- **EXERCISE DESCRIPTION**: Pictures in the material below are to be left out, and only the lines from the line with "PORTWEST THERMO PRE" up to and including the line with "The Lake Superior" are to be written out exactly.
━━ RECORDS SUPPLIED
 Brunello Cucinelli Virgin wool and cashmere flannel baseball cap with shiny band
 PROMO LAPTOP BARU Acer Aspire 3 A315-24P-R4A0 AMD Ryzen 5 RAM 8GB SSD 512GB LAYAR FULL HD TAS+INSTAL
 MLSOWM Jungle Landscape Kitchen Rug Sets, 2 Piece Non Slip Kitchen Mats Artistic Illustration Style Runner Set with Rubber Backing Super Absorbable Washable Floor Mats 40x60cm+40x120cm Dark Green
━━━━
━━ RECORDS SUPPLIED
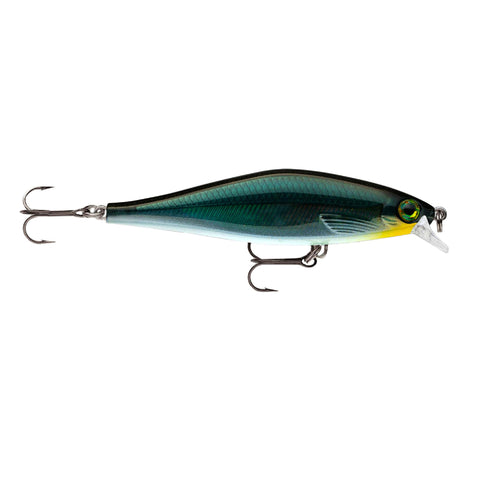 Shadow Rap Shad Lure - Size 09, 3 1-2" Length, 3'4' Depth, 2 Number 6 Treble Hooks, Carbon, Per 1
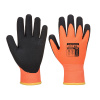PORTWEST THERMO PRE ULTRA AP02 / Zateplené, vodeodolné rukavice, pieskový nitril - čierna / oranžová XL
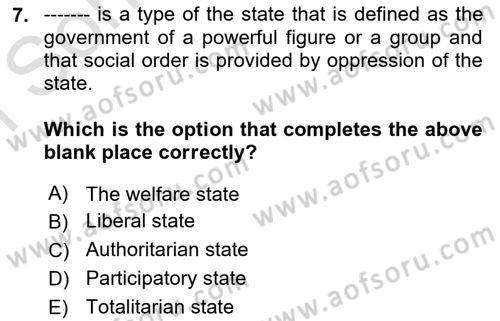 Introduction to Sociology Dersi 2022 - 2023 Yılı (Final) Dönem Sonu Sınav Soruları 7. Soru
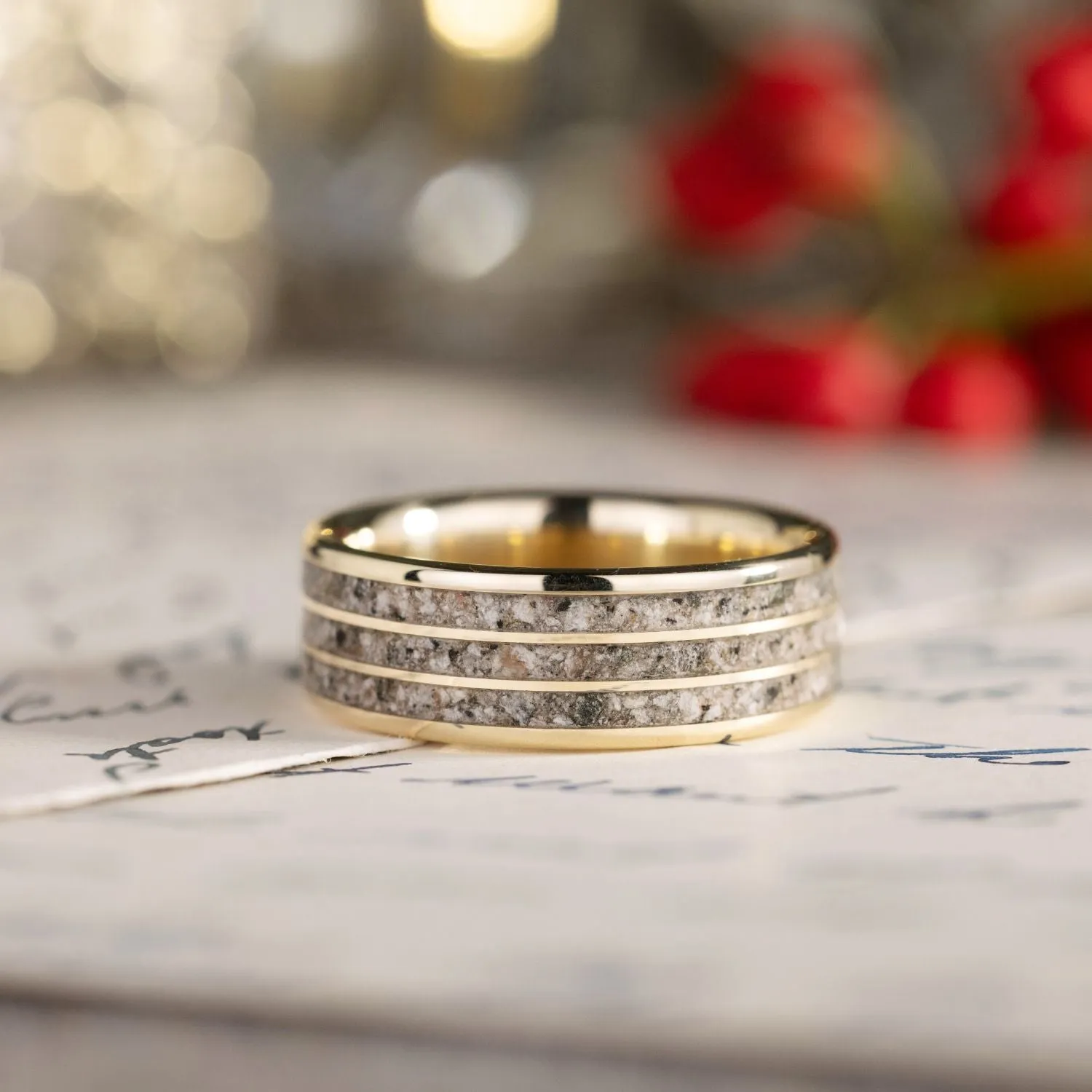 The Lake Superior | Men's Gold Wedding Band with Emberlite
━━━━
- **REPLY**:
PORTWEST THERMO PRE ULTRA AP02 / Zateplené, vodeodolné rukavice, pieskový nitril - čierna / oranžová XL
 Introduction to Sociology Dersi 2022 - 2023 Yılı (Final) Dönem Sonu Sınav Soruları 7. Soru
 The Lake Superior | Men's Gold Wedding Band with Emberlite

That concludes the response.